Promise me, darling
Today I developed some new reports on how accurate our ship promise dates are. I sorted the accuracy into ranges and within the ranges I created we got all the way into five days late or ten days early before 80% of the lines were accounted for.
Most of these were original system-generated promises assigned when the order was booked. But when we start manually adjusting the promise dates things don’t get too much better. Our promise dates are not very stable. Some of this is due to unforseen events such as equipment breakdown. Some of it is vendors missing their promise dates to us, which is partly the hidden cost of low cost vendors.
Some of the problems are a little less obvious. We often hear that while we were waiting for component Y to become available, customer orders depleted component X, forcing us to repromise the product even if component Y came in on the original schedule. This sounds like a moron’s problem; why not lock up all the components needed so they can’t disappear? But we only hear about the problems. We don’t hear about all the times when a customer wanted some of part X and we shipped their order and replaced the inventory before it was ever missed. So how far out do you lock up your components?
Most sensibly, within the component lead time. But our software only supports a single time window for allocation of sales orders. We could also just immediately lock up any inventory that will be needed for a planned build, but if we don’t start hearing from our customers within a week of doing that, we will be hearing from our leadership by the end of the month when they want us to turn every scrap of inventory into invoicable shipments, and worry about the damage next month.
Further degrading our promise accuracy is that we don’t really know what we can build in the first place. That is, our system doesn’t tell us that, given the supply that is past due and the supply that is on schedule, n of unit A can be built today and p of unit B can be built tomorrow. It will tell us when we owe A; separately, it will tell us what we need to build A; separately, we can look up what is going on with those parts needed; but the system does not bring all of this information together. So even assuming we had accurate dates for when our vendors would deliver loaded into the system, that information is not taken into account to delivery, systematically, a straightforward build plan.

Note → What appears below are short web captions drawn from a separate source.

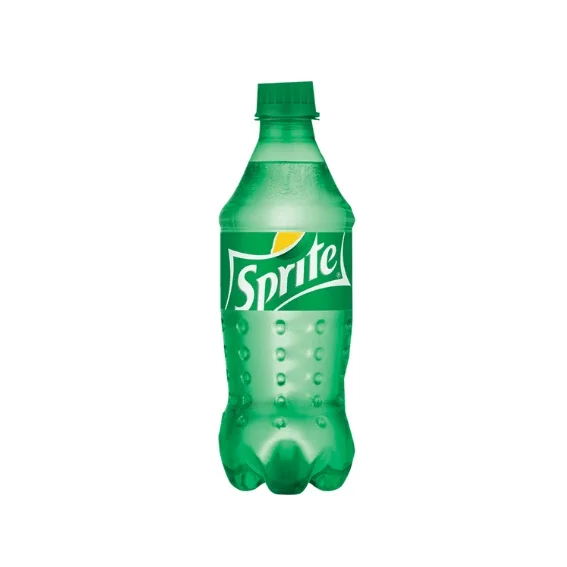 Refreshing Sprite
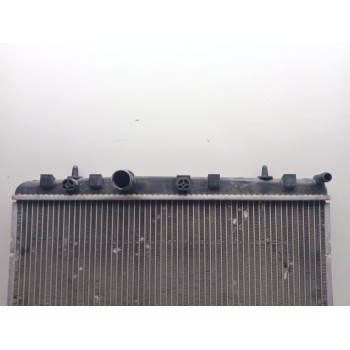Recambio de radiador agua para peugeot 2008 i (cu_) 1.6 bluehdi 100 referencia OEM IAM 9685852680  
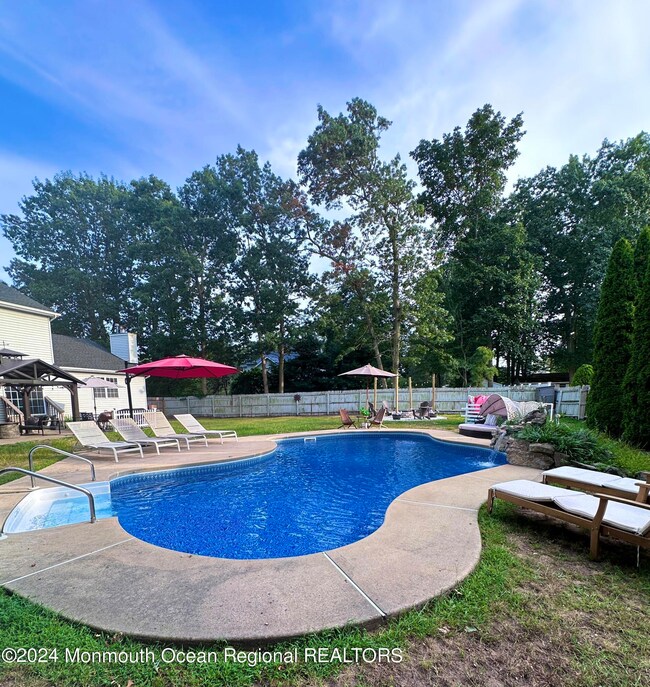 12 Yaffa Rd, Bayville, NJ 08721 - photo 6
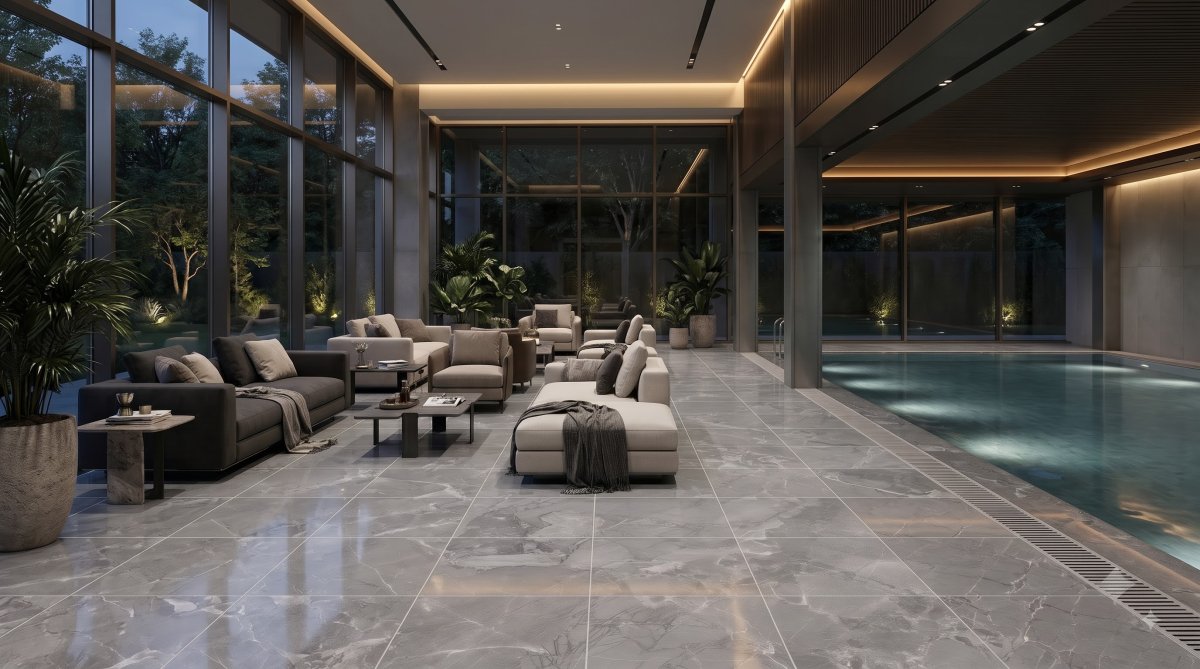 BRECCIA GREY-R2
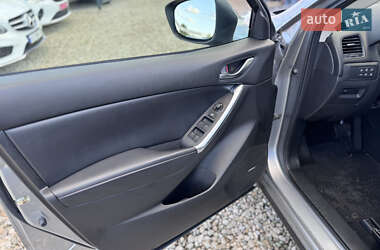 Внедорожник / Кроссовер Mazda CX-5 2013 в 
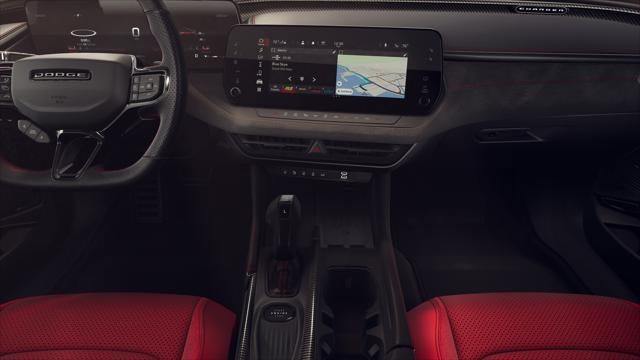 2026 Dodge Charger CHARGER SCAT PACK PLUS 2-DOOR AWD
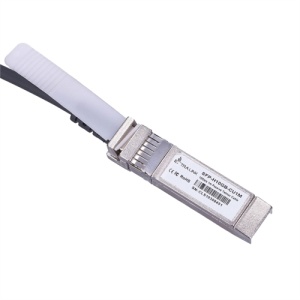 Extralink SFP+ 10G Direct Attach Cable, 3m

Throw in the factor that many components are required across a number of different models, and what often happens is just simple human oversight of some complicating factor that delays the production of the item to be promised.
On this last point I just started last week researching what kind of logic the system would have to apply to bring the whole picture together. But I am already gearing up to be told by our skeleton crew of IT that such a program is too resource-intensive. I mean, looking at all the interrelated layers of supply and demand–that’s a lot to ask of a production control system, isn’t it?